Dataset content
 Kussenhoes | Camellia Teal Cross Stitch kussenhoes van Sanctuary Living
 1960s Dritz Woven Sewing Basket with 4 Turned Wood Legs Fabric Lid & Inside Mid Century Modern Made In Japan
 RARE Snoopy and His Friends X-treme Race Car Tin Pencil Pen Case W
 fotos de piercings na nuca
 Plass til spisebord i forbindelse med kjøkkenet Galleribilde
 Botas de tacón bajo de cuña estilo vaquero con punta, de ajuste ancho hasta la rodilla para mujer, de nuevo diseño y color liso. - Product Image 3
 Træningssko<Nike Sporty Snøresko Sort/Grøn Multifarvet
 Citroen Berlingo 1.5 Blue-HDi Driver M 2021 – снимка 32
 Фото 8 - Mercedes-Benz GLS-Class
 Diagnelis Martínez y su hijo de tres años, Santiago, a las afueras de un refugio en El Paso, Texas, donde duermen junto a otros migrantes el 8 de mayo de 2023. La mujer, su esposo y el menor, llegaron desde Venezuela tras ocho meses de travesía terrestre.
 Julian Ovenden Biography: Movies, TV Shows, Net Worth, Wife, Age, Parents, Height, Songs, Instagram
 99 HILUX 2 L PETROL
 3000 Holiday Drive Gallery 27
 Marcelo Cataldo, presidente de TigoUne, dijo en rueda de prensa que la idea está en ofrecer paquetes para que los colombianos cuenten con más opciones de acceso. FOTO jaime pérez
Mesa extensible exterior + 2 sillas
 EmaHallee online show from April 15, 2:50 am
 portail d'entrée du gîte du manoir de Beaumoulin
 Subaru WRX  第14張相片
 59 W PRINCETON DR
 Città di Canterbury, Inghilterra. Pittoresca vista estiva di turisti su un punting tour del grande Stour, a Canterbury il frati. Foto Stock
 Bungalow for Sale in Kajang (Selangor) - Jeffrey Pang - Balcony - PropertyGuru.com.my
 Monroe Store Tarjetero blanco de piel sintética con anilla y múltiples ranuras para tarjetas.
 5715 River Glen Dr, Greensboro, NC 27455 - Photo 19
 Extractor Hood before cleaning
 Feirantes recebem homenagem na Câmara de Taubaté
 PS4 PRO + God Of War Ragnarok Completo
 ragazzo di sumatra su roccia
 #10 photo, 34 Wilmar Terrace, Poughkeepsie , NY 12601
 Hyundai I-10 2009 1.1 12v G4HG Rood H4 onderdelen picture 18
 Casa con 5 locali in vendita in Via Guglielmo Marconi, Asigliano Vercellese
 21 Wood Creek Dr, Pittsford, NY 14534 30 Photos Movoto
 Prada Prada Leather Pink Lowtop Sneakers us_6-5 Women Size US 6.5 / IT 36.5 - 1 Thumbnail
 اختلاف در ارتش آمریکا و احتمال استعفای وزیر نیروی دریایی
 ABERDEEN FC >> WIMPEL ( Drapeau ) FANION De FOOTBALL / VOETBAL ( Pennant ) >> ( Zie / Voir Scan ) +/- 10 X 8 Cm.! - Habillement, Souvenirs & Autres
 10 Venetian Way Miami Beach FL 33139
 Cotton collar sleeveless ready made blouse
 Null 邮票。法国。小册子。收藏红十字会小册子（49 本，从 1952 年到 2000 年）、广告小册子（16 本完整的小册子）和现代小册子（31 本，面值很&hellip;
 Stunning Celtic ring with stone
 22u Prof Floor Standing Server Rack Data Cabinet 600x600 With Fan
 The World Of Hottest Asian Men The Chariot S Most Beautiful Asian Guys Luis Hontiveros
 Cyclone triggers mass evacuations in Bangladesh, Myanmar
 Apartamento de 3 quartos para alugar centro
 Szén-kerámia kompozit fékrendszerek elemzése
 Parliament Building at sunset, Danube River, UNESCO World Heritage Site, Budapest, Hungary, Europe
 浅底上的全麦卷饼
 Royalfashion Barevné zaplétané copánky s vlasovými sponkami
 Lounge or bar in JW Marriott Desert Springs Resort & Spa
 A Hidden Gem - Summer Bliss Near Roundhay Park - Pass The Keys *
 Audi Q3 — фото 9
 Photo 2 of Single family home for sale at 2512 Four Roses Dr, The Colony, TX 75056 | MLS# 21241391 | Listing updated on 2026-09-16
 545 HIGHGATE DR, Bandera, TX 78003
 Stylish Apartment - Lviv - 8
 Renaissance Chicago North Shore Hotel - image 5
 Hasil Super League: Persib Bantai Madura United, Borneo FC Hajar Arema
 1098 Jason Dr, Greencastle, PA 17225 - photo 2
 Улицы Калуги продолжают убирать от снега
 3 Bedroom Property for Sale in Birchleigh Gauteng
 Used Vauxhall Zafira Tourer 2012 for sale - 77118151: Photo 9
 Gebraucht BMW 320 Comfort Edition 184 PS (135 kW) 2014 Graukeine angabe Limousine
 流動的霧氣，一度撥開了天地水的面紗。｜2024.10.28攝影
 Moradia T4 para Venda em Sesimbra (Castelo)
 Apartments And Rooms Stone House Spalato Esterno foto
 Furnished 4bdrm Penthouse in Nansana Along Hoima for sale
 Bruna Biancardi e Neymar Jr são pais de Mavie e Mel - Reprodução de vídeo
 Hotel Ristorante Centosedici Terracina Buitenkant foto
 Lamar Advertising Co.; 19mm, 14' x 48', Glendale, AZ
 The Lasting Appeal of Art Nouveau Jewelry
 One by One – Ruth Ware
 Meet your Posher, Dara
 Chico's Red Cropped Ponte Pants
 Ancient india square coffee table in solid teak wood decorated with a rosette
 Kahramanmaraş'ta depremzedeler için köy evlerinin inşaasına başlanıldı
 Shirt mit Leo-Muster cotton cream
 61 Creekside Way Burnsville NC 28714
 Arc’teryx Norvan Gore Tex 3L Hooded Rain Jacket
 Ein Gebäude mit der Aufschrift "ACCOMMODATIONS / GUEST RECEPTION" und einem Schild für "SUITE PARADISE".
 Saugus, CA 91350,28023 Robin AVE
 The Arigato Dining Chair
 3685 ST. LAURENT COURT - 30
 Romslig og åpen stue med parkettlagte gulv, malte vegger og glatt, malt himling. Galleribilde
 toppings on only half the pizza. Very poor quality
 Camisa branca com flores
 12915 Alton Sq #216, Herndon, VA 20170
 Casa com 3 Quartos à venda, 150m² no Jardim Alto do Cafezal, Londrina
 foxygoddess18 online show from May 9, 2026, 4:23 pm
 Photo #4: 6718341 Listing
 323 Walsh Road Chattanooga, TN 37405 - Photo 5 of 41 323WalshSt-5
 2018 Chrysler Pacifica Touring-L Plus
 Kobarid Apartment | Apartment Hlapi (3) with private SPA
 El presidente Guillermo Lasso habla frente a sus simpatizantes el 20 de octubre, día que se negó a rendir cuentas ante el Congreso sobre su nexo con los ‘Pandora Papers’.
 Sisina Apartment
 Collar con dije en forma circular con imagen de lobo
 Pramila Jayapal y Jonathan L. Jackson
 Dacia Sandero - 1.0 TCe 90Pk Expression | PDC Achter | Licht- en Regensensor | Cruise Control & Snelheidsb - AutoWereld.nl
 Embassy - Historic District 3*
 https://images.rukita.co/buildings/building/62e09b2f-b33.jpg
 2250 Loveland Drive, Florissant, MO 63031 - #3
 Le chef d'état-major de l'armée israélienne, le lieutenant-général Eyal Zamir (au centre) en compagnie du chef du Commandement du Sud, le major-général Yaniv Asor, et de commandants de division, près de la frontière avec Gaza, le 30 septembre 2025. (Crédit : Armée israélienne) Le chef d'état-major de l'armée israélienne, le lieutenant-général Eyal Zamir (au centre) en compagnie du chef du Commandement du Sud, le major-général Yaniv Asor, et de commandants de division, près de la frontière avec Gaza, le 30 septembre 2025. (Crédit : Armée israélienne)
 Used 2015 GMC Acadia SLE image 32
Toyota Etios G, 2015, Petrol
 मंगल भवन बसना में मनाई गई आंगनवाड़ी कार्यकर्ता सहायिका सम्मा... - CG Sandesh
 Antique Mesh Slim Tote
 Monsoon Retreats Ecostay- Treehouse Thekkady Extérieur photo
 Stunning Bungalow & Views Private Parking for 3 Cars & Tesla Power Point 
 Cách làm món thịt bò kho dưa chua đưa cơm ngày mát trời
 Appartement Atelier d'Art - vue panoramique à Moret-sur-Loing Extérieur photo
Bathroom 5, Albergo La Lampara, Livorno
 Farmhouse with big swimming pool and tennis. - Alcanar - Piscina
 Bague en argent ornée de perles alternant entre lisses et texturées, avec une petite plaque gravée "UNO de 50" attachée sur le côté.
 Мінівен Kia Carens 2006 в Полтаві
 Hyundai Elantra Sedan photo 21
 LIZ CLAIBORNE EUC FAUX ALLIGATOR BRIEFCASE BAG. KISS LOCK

Work instruction
Write out each line above containing "from".

Result
 EmaHallee online show from April 15, 2:50 am
 foxygoddess18 online show from May 9, 2026, 4:23 pm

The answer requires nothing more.